- [Your assignment]
Starting with the line that contains "rocks and flower beds", give again exactly and only each line through the end of the records; include the last line and exclude pictures.
******************************
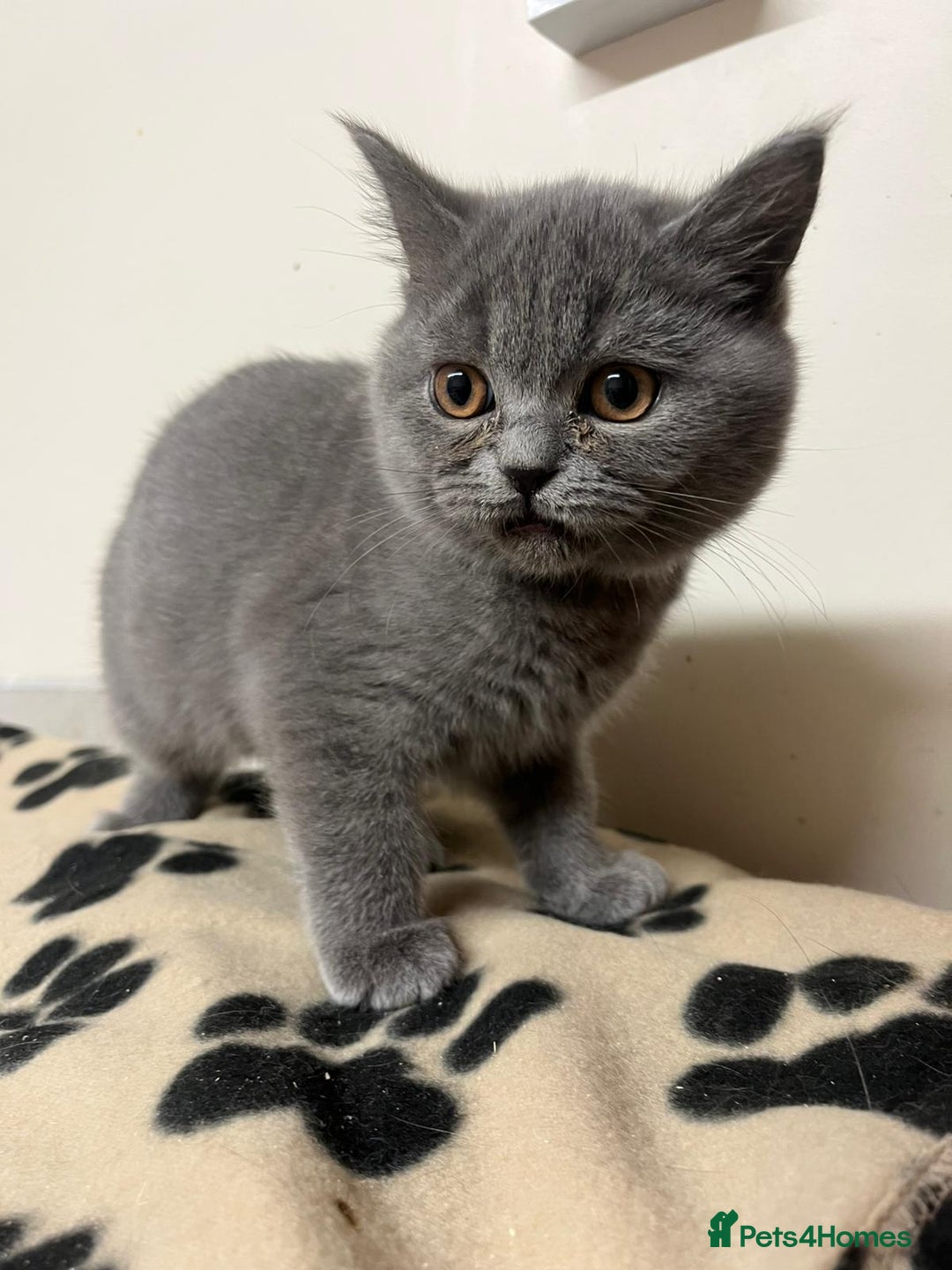 British Shorthair cats for sale: 3 BSH female kittens remaining-  ready now.  - Image 2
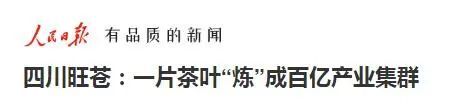 有关于一片茶叶“炼”成百亿产业集群 《人民日报》关注旺苍茶产业的信息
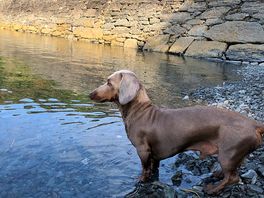 Ronnie taking a dip.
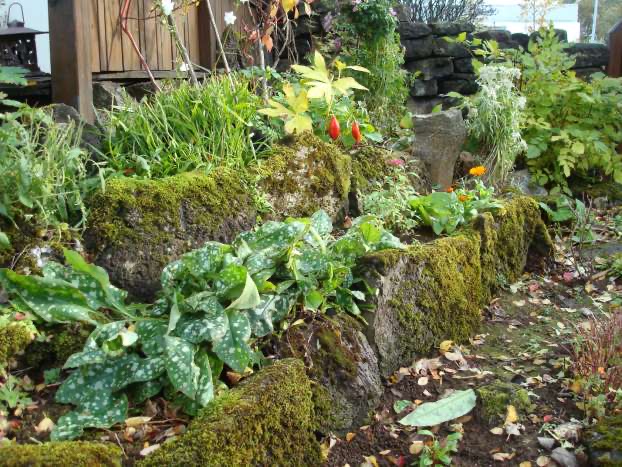 rocks and flower beds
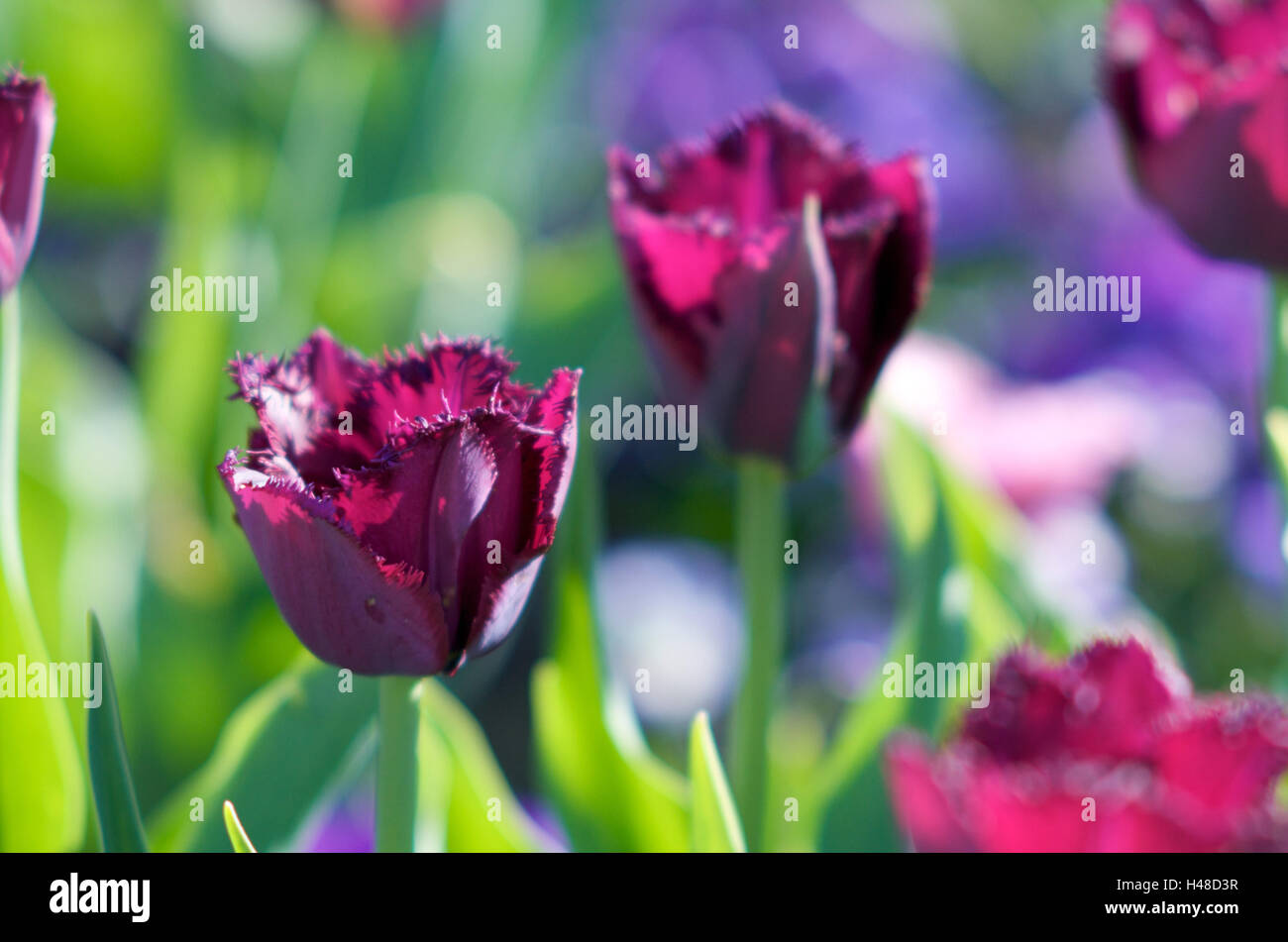Tulips, blossoms, mauve, sunlight, Stock Photo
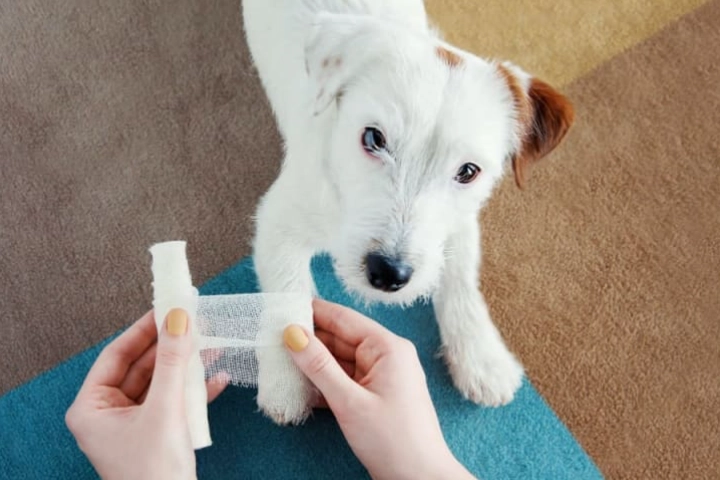 dog wound care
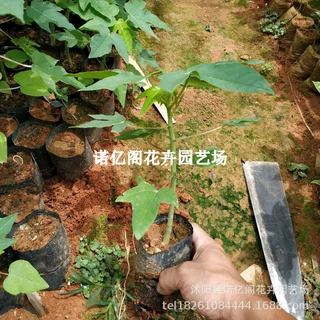 木瓜树苗夏威夷红心水果木瓜矮化苗当年结果南北方种植盆栽地栽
******************************
- [Final answer]
 rocks and flower beds
Tulips, blossoms, mauve, sunlight, Stock Photo
 dog wound care
 木瓜树苗夏威夷红心水果木瓜矮化苗当年结果南北方种植盆栽地栽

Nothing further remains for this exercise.